Divorce among older couples is on the rise even though the rate overall is dropping. Some older Texas couples may have accumulated a substantial amount of money in retirement accounts, and this may need to be divided in a divorce.

Certain types of accounts, such as 401(k)s, can only be divided if a document known as a qualified domestic relations order has been prepared. An IRA does not need a QDRO, and dividing one can be fairly straightforward. However, it has the potential to get more complicated if a person has begun taking 72(t) distributions before reaching the age of 59 1/2. Under a limited set of circumstances, these types of distributions are permitted prior to retirement age without incurring a 10% penalty. However, according to regulations, if the account is modified in any way, this penalty kicks in and becomes retroactive for all distributions. The problem is that while it appears to be a modification based on IRS regulations, when individuals have sought clarification using a private letter ruling, this has not been the case.

PLRs are not meant to apply to anyone but the individual, but seeking a PLR is not practical for everyone since it is time-consuming and costly. People in this situation may want to seek the advice of a financial professional.

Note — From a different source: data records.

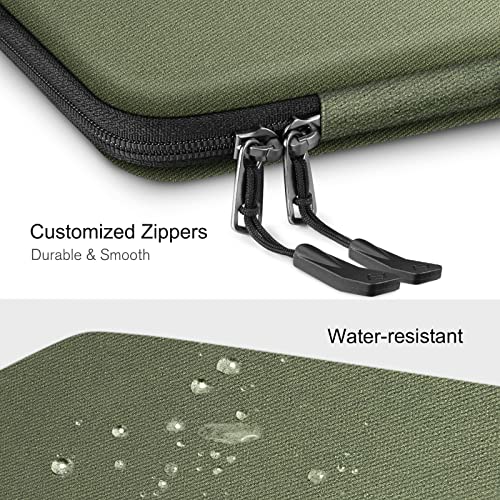 FINPAC 13-inch Hard Laptop Sleeve Case + Charger Case Small Electronic Organizer Bag Light Green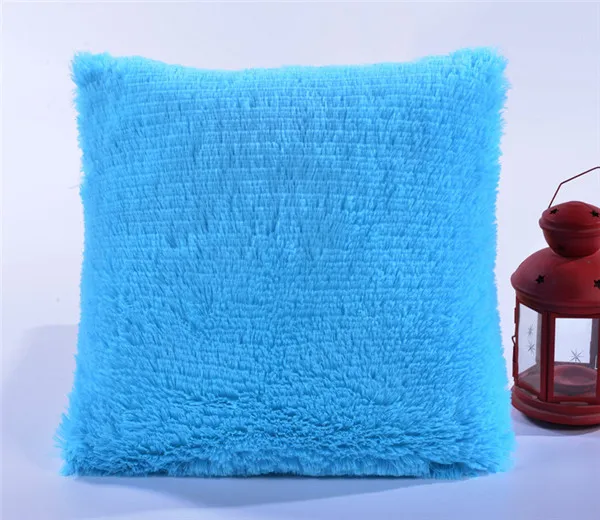 Blue Зимние теплые наволочки супер мягкие плюшевые монгольский искусственный мех бросок автомобиля диван домашний декор наволочки - Цвет: Blue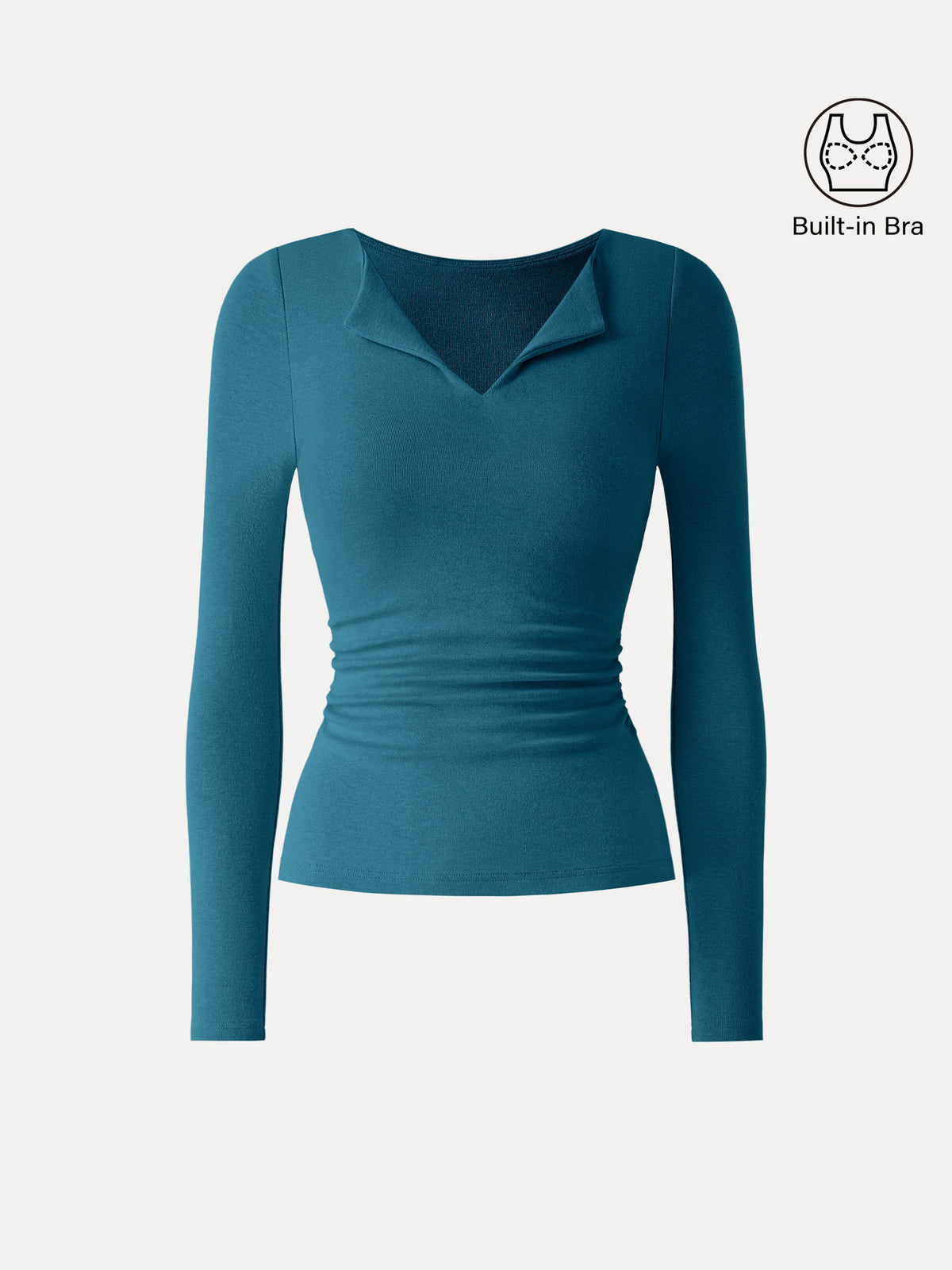 LiteWarm Flapped V-Neck Long Sleeve Ruched Built-In Bra Top 2.0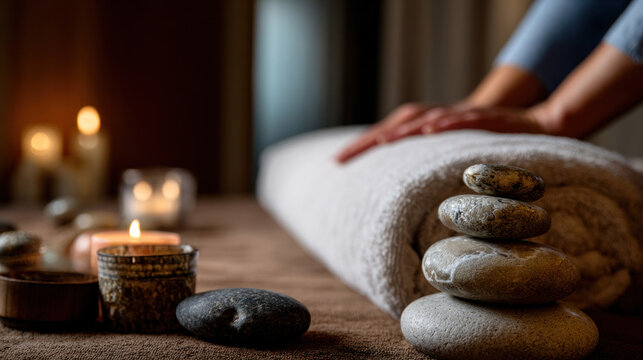 Tranquil spa room with soft candlelight, woman enjoying relaxing hot stone therapy, white towels, natural textures and therapist's hands applying heated stones gently
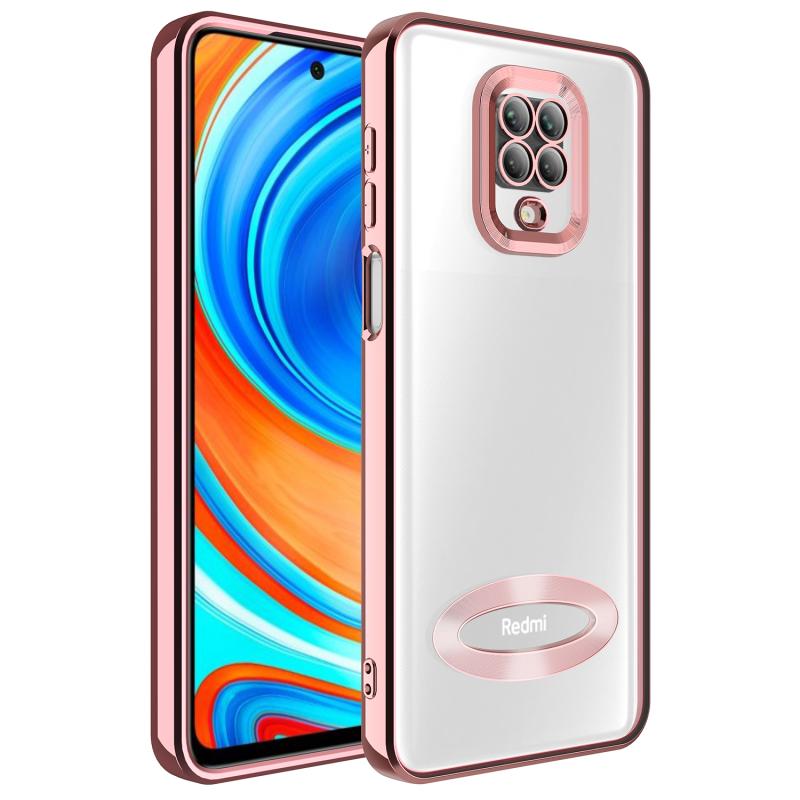 Xiaomi Uyumlu  Redmi Note 9S Kılıf Kamera Korumalı Logo Gösteren Zore Omega Kapak-Rose gold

There can be other complexities that arise in the process of dividing property in a high net worth divorce. Since Texas is a community property state, all marital property is supposed to be divided equally. This can mean that if one person owns a business, the other person might be owed one-half of the value of the company’s appreciation since the marriage. Some couples might agree that each of them will keep assets of a similar value instead of trying to divide all properties 50/50.